■ RECORD EXTRACTS

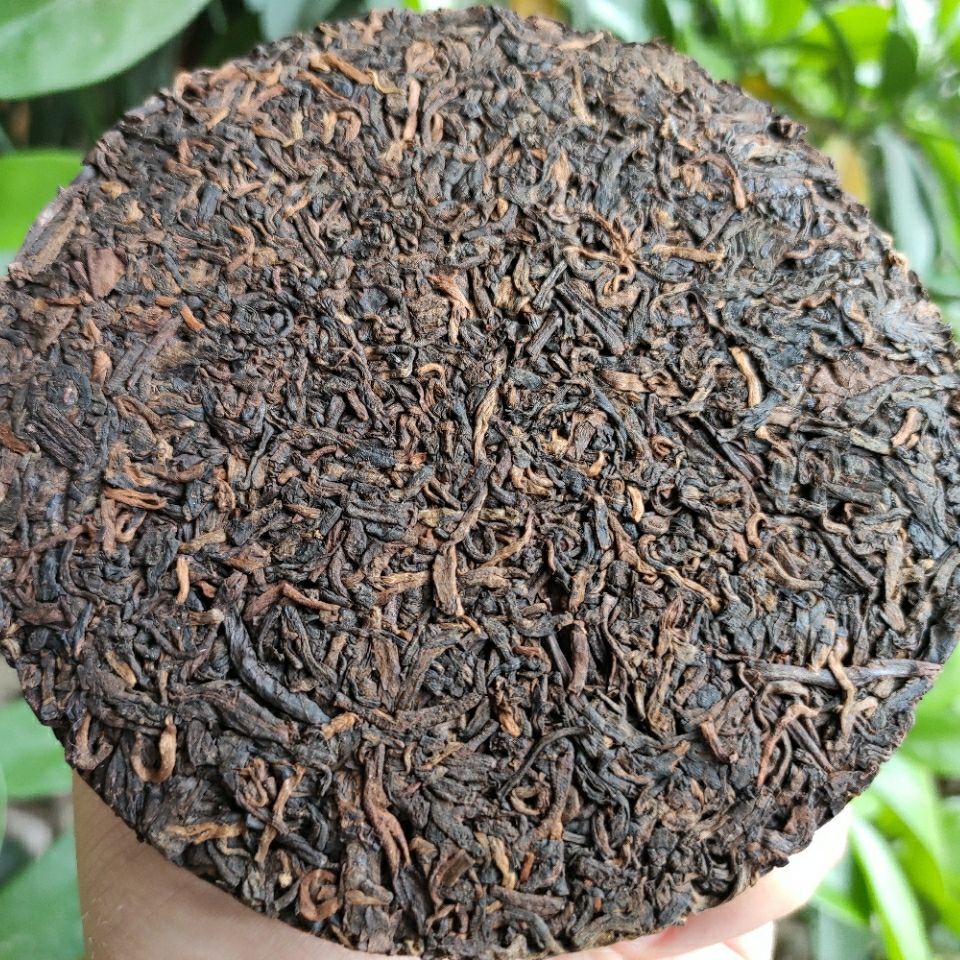 90s Wild Old Tea Pu'er Tea Ripe Puer Tea 100g X 5 Pcs Puerh Tea Cake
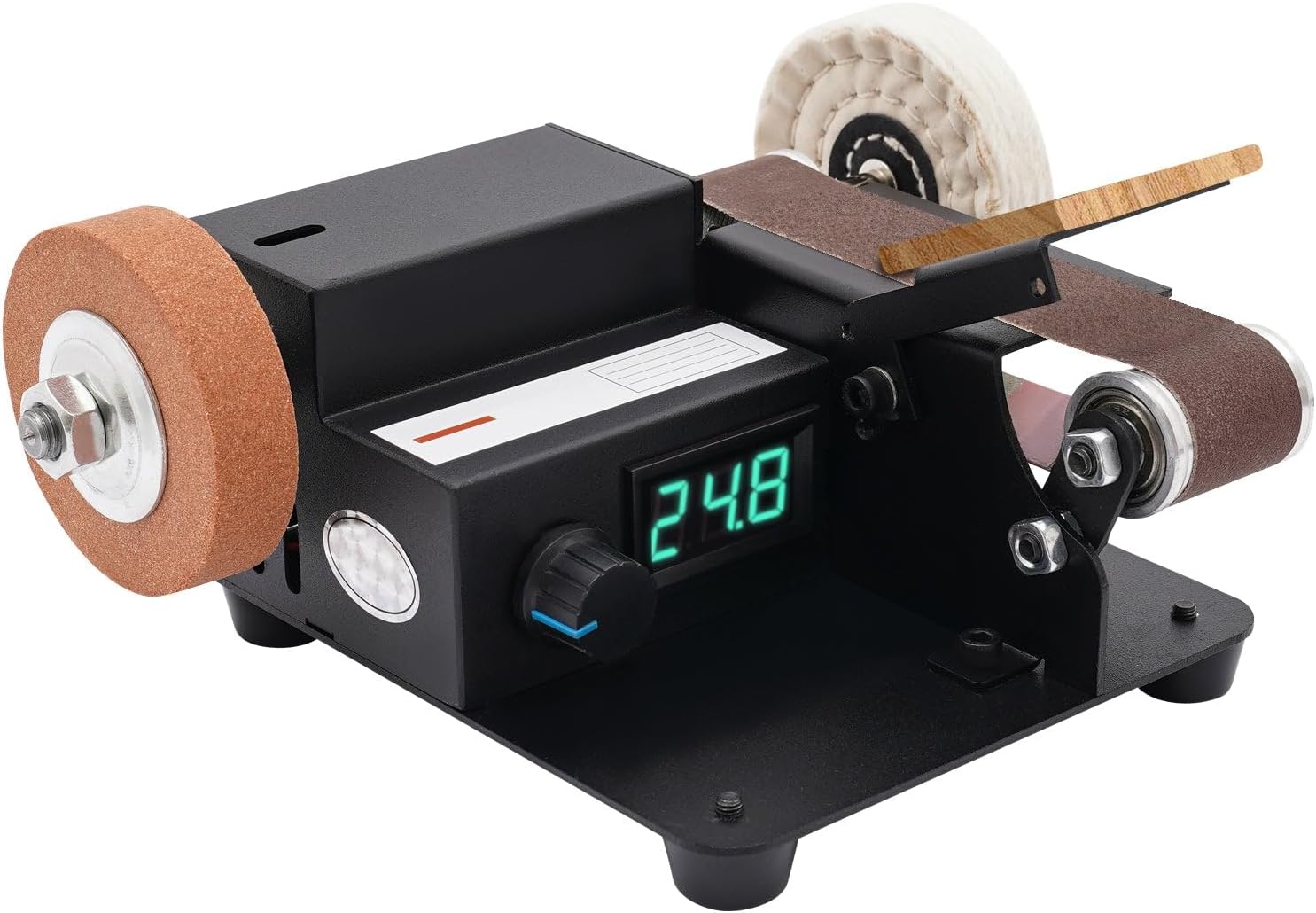 Infinitely Adjustable Speed Mini Desktop Belt Sander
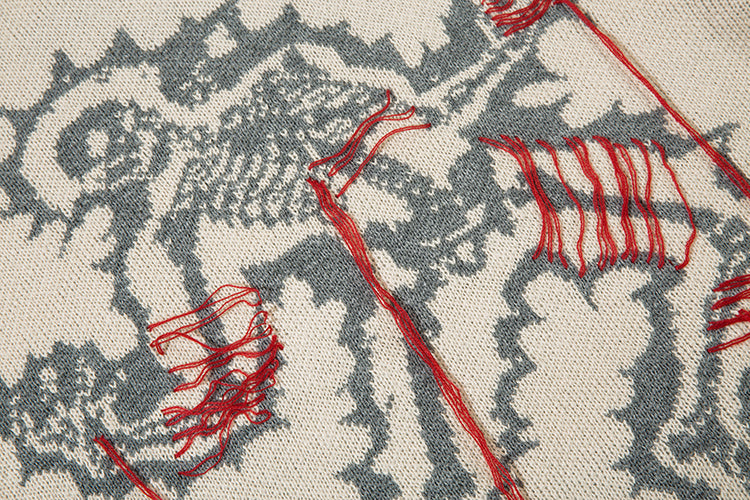 ダメージアートニット znk000011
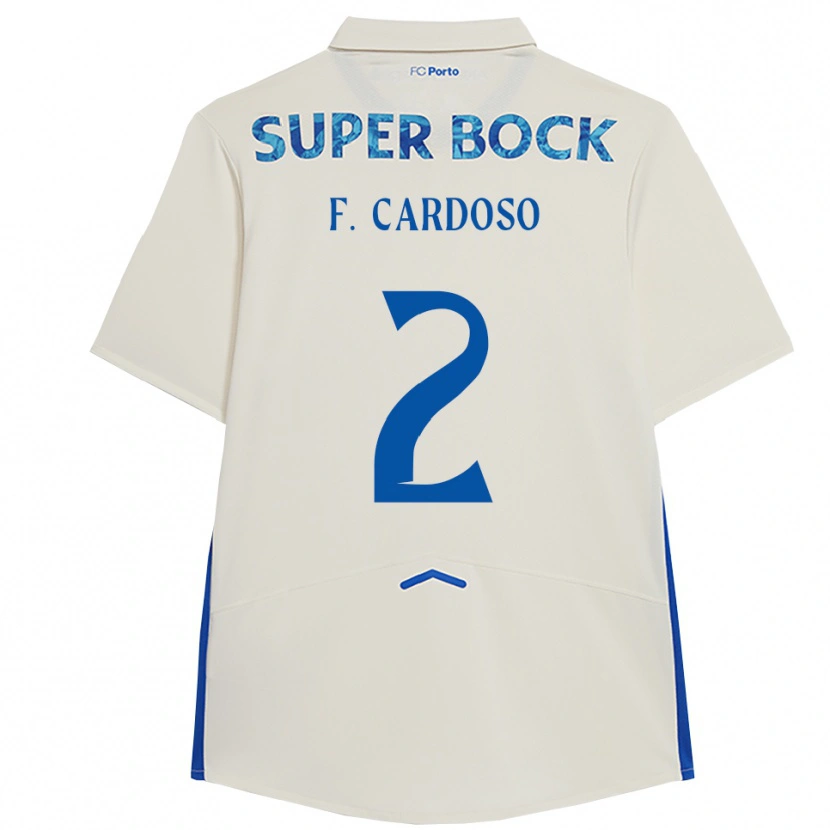 Danxen Kinder Fábio Cardoso #2 Weiß Blau Ausweichtrikot Trikot 2025/26 T-Shirt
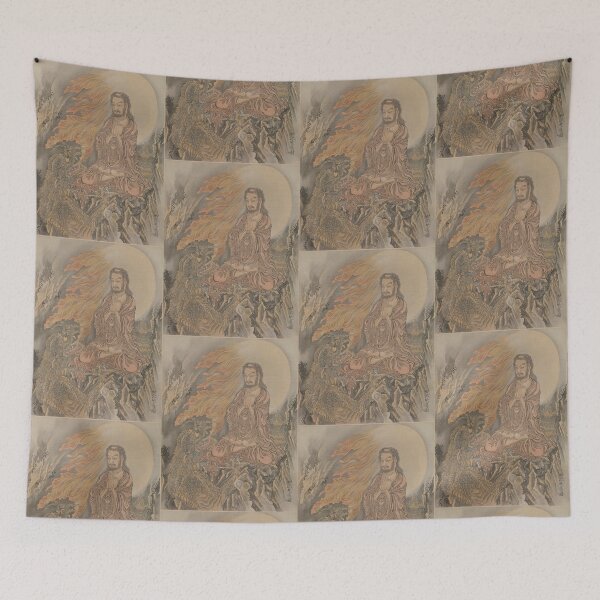 Item preview, Vintage Japanese Artwork - Shakyamuni Conquering the Demons - by Kawanabe Kyosai designed and sold by TheHappyK.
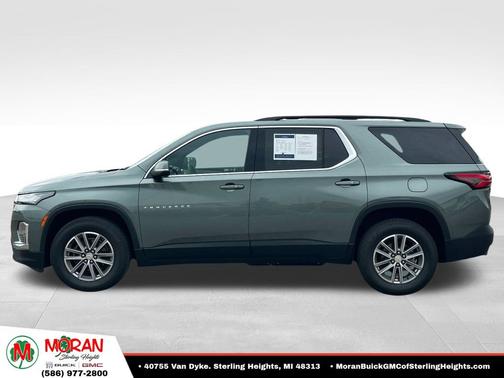Silver Sage Metallic 2023 Chevrolet Traverse LT Leather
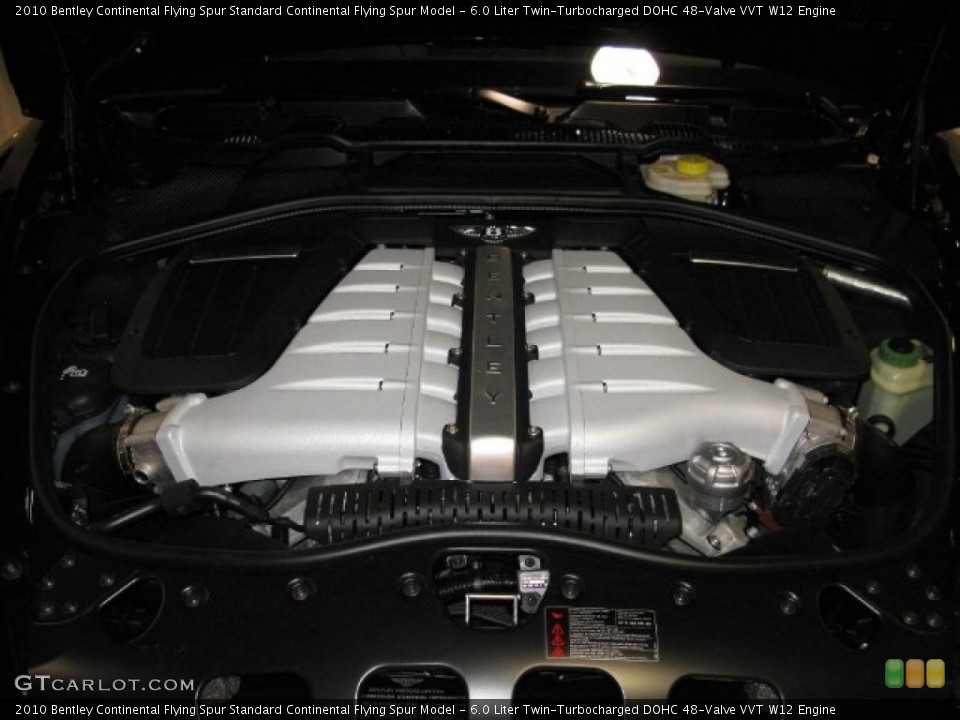 6.0 Liter Twin-Turbocharged DOHC 48-Valve VVT W12 Engine for the 2010 Bentley Continental Flying Spur #40759419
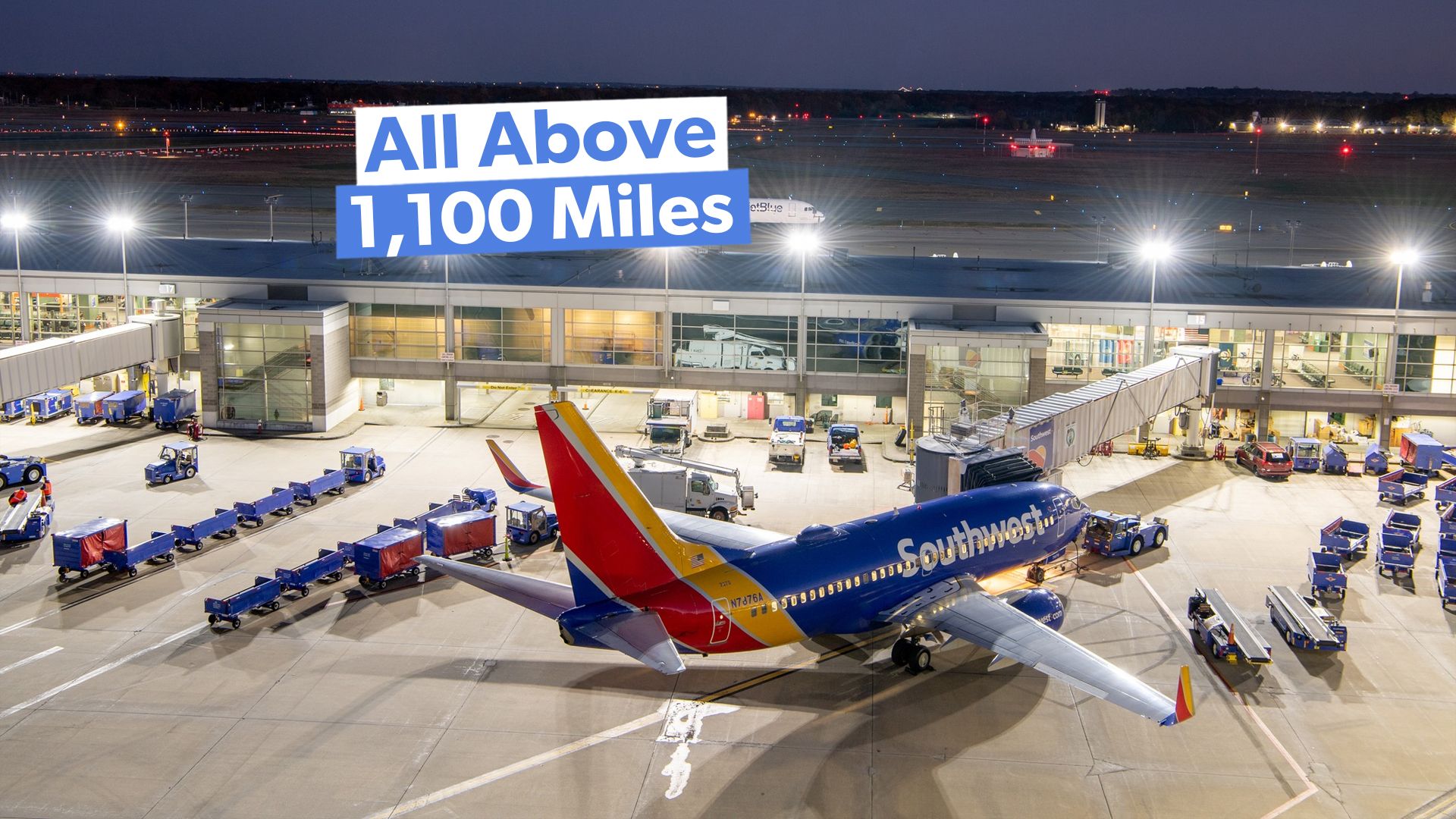 TF Green Airportと航空会社からの10の最も長いルートを運営しています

■ INSTRUCTIONS TO FOLLOW
Give the entries above again word for word, without any pictures.

■ EXERCISE SOLUTION
 90s Wild Old Tea Pu'er Tea Ripe Puer Tea 100g X 5 Pcs Puerh Tea Cake
 Infinitely Adjustable Speed Mini Desktop Belt Sander
 ダメージアートニット znk000011
 Danxen Kinder Fábio Cardoso #2 Weiß Blau Ausweichtrikot Trikot 2025/26 T-Shirt
 Item preview, Vintage Japanese Artwork - Shakyamuni Conquering the Demons - by Kawanabe Kyosai designed and sold by TheHappyK.
Silver Sage Metallic 2023 Chevrolet Traverse LT Leather
 6.0 Liter Twin-Turbocharged DOHC 48-Valve VVT W12 Engine for the 2010 Bentley Continental Flying Spur #40759419
 TF Green Airportと航空会社からの10の最も長いルートを運営しています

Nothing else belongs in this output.